My desire to dance was soon stifled as I gained awareness of my size. My parents were both big, so I never felt excluded or unimportant in my household, and most of immediate family relatives never made me feel like I was any less beautiful because of it. But my paternal grandmother, a stern West Indian woman, always made it a point to call my dad and I out for being overweight. I was a force to be reckoned with my youth, especially with relatives, so fortunately, her words didn’t stop me from being myself. But those same words from schoolmates did. I was teased relentlessly in school, called out for looking different than everyone else. In childhood, your greatest wish is to fit in and be seen as normal, but my weight continued to prevent that from happen. “Fat” triggered the anger and sadness so intensely that it was banned from my home, never to be uttered for fear of a meltdown.

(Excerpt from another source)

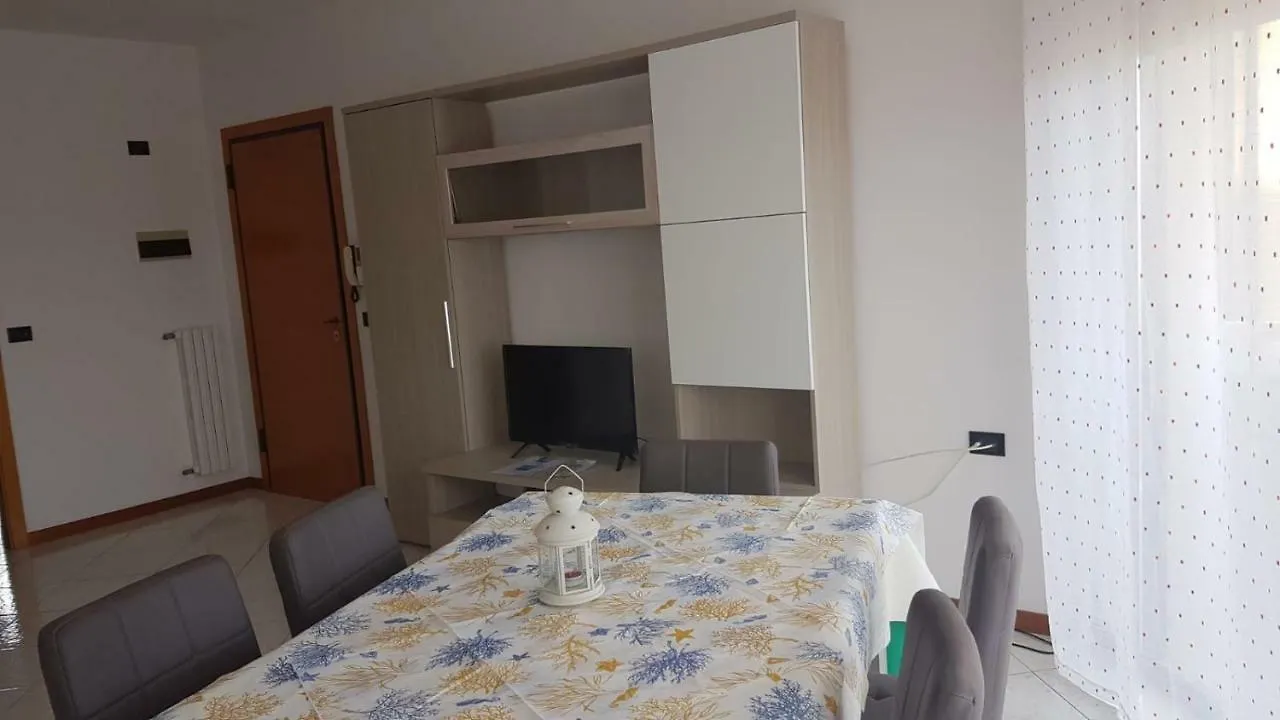 Apartmán Domus Maris Viserba, Spiagge E Centro A 100 Mt, Promo Maggio Fiera Macfrut, Fieravicola, Expo Dental, Meeting Rimini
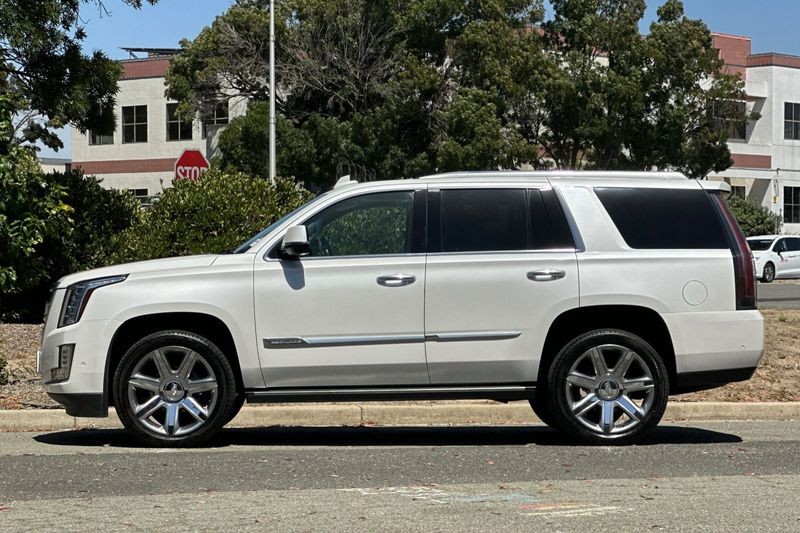 Cadillac Escalade Vehicle Full-screen Gallery Image 07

Throughout middle school, my sadness from being left out turned into volatility and depression. All of the classmates knew that the word “fat” was my hot button, and all they had to do was press it to ignite my hotheadedness. I was always intelligent, funny, and witty, and I often used my personality to overcompensate for my size. I would crack self-deprecating jokes in efforts to prove my worth, to show that I could roll with the punches and laugh at myself. But, any time I would hear the F-word, playfully or not, it would remind me, no matter how hard I tried to camouflage them, that my differences still remained. People would it my size before they got to know me as a person. “Fat became something that defined me more than my personality, and it was something I desperately tried to get away from. Countless young fitness and nutrition courses, personal trainers, dieticians: they all were presented to me to try to fix physical problem that needed to be approached from within.
Luckily, in high school I rediscovered my passion for the performing arts through acting. I felt the most confident about who I was in front of an audience. With that came even more awareness in my body. In early youth, it was apologetic. I didn’t want my body to inconvenience the people around me. I tried to compensate for my size because I wanted to be accepted. But this newfound consciousness was from a place of power and pride. Acting helped me cultivate an environment that welcomed my uniqueness in all fashions. My body created beautiful art, and in order to let to flow freely, I had to break down the barriers that kept me oppressed and hidden. One of those barriers was the word “fat.
As life progressed, my horizons broadened. Social media became an active part of my life. Twitter and Instagram were the main forums for my outspokenness. I started posting risque selfies, fashionable pictures, and sharing my views on the diversity of beauty, and its necessity in mainstream media. There was a fanfare of positivity from followers and supporters, but I was confronted with thousands of opinions about my body: what I should or shouldn’t say, what to wear, how I should think of myself, my assumed lack of health. Critics pressured me, trying to make me believe that my voice wasn’t meant to be heard because I was “fat.” Once again, I found myself face to face with a word that would’ve paralyzed me in shame and insecurity, a word that would’ve sparked an outrage, causing me to doubt myself and the confidence I’d worked so hard to build. However, with the empowerment from finding my passion and becoming a influential voice in the plus size world, I learned to let go of the negativity and inhumanity that came with “fat”, and redefined as a descriptor. Fat became a simple adjective that could successfully coexist with the other beautifully positive attributes I carry. And to this day, I am able to brush off the negative comments with more ease than before.
Through my activism in the body positivity and self-love community, I’ve been able to create a safe space for women of unconventional bodies to feel beautiful and own who they are without shame. Truthfully, in certain contexts, the world still rubs me the wrong way. At times, it’s difficult to ignore it when “fat” is being hurled at you with the intent to break you down. A clapback doesn’t seem so bad, given I’m one to defend myself when I feel attacked. But discovering your purpose takes power away from the negativity people spew at you. When I was still undefined, everything people said to me stuck, and I carried that burden on my shoulders. But as the dignified woman I am today, I can proudly declare that people words say have no more influence over my life. “FAT” is a word I can use with confidence and strength, because its effects on me have faded away.